BATIC 2025 Day One: Telecom’s Next Leaders Confront Industry Future

The Future Tech Leaders Summit at BATIC 2025 laid out the stakes. The industry faces a fork in the road: retreat into a utility status, cede the frontline to hyperscalers, or reinvent itself as a global, borderless enabler of digital life.

BATIC 2025 Day One: Telecom’s Next Leaders Confront Industry Future

BATIC 2025 Day One: Telecom’s Next Leaders Confront Industry Future

The Future Tech Leaders Summit made its debut at BATIC 2025 and the forum connected under-30 industry talent with global telecom leaders to discuss technology, debate survival, and the future of the industry.

The event, co-organized with the ITW Global Leaders’ Forum (GLF), saw senior leaders from Telin, Dialog Axiata, e&, and other carriers join young professionals to debate and stress-test four starkly different futures for a telecom industry facing shrinking margins, hyperscaler power, and geopolitical risk.

 

Four Futures

Sam Evans, Senior Managing Director at FTI Delta, set the stage by outlining the four scenarios. “This isn’t prediction,” he cautioned. “It’s preparation for futures already unfolding.”

  • In the pessimistic case, telcos retreat inward: cutting costs, automating service, and focusing on survival.

  • The optimistic version sees operators collaborating with hyperscalers, using AI to deliver services faster and more efficiently.

  • The ecosystem model empowers customer-facing control to platform giants, while carriers maintain the underlying infrastructure.

  • In Nirvana, operators become globally ambitious, investing in next-generation networks to ensure diverse connectivity and deliver seamless international reach.
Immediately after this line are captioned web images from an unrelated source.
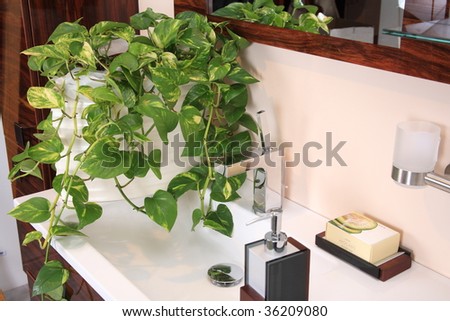 Creeper plant in the bathroom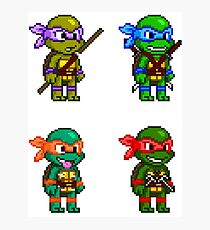 Teenage Mutant Ninja Turtles Pixels Photographic Print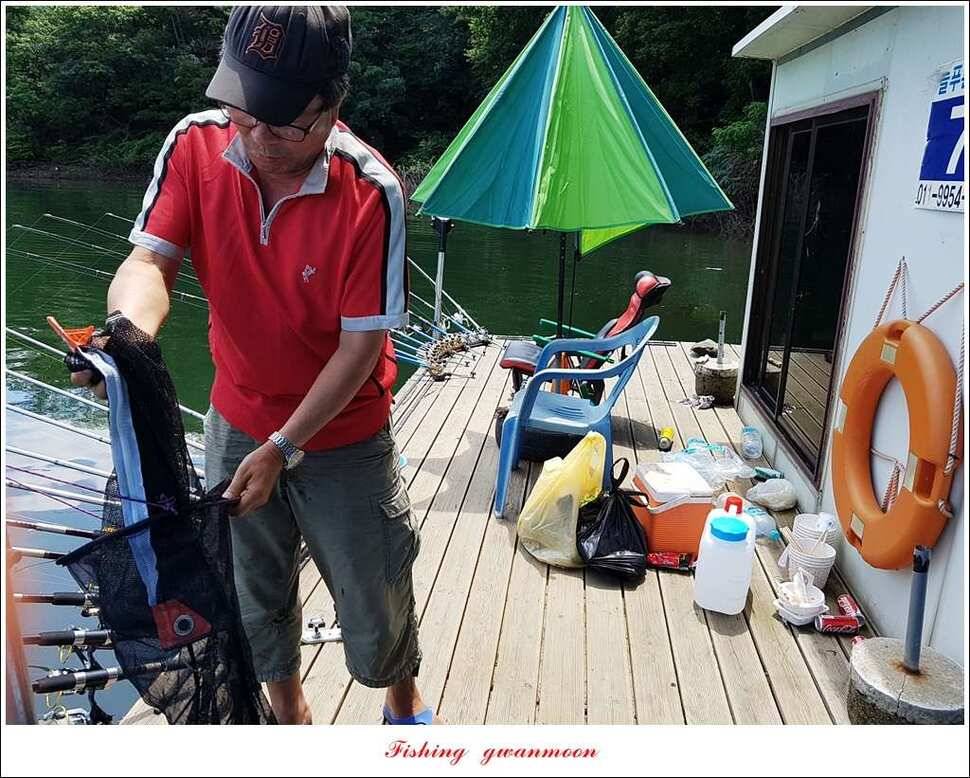 칠성지 사짜매전지화곡지늘푸른 장어 조황 (조황조행기 - 특파원조황)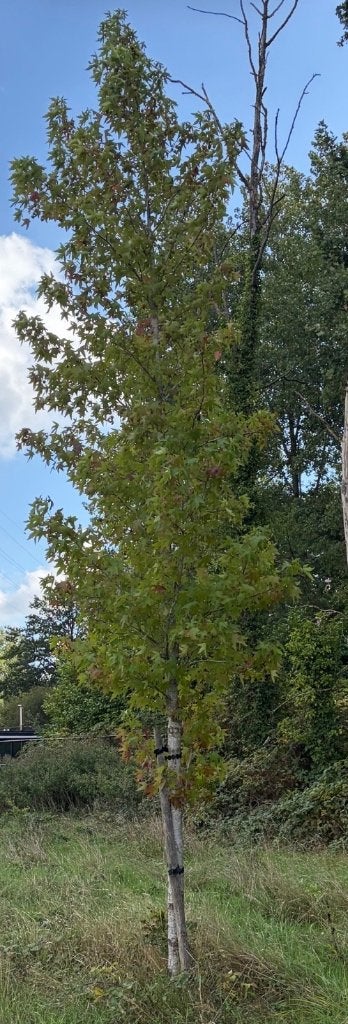 Boom LIQUIDAMBAR STYRICIFLUA, Tuin en Terras, Ophalen, Overige soorten, 250 tot 400 cm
Each model carried trade-offs. Cost discipline clashed with innovation. Control wrestled with collaboration. Scale demanded risk. Evans pressed participants to view the scenarios not as hypotheticals, but as realities already taking shape.

 

Preparing New Leaders

If strategy was one half of the conversation, leadership was the other.

Kharisma, Chief Commercial Officer at Telin, argued that preparing future leaders requires pairing ambition with discipline. In his view, tomorrow’s telecom leaders must learn to take risks without losing sight of operational and financial guardrails. “The next generation should be bold, but grounded in operational reality,” he noted.

Nabil Baccouche, Group Chief Carrier & Wholesale Officer at e&, stressed adaptability. “The industry is reshaping around ecosystems. Resilience and agility will define who thrives,” he said.

Telecom’s future, he said, will be forged at the intersection of infrastructure and platforms, telcos and hyperscalers. Success depends on resilience and the ability to pivot as alliances and business models shift.

Both agreed: the command-and-control style that once defined telecom leadership is giving way to collaboration and trust.

 

Lessons in Crisis

The clearest case study came from Lim Li San, Group COO at Dialog Axiata. She described how the Sri Lanka operator navigated 2022’s economic freefall, marked by 88% inflation, a doubling of exchange rates, and tripled fuel prices.

Rather than contract, Dialog grew its mobile market share from 4% to 68%, expanded fixed broadband to 55%, and claimed 70% of the pay-TV market. Revenue rose 21%; EBITDA surged 45%.

The turnaround, she said, came from cost reduction, restructuring, and consolidation, as well as maintaining stakeholder trust amid volatility. Her point was blunt: “Resilience isn’t a buzzword. It is what separates collapse from reinvention.

 

From Hypothesis to Action

To close the summit, younger professionals were asked to present their own solutions to the four scenarios. Their proposals ranged from AI-enabled delivery models to cross-border infrastructure alliances and new sustainability frameworks.

Evans, who moderated proceedings, called the exercise the essence of the summit. “Preparing the next generation isn’t about forecasts. It’s about equipping leaders to act in real time,” he said.

 

Why It Matters

Telecom is more than another industry; it is the infrastructure of the digital economy. Finance, healthcare, logistics, and entertainment, all depend on its stability. Yet the sector faces tightening margins, political risks, and the gravitational pull of hyperscalers. 

The Future Tech Leaders Summit at BATIC 2025 laid out the stakes. The industry faces a fork in the road: retreat into a utility status, cede the frontline to hyperscalers, or reinvent itself as a global, borderless enabler of digital life.

What happens next will be decided not just by today’s executives, but by the young leaders they are training to take their place.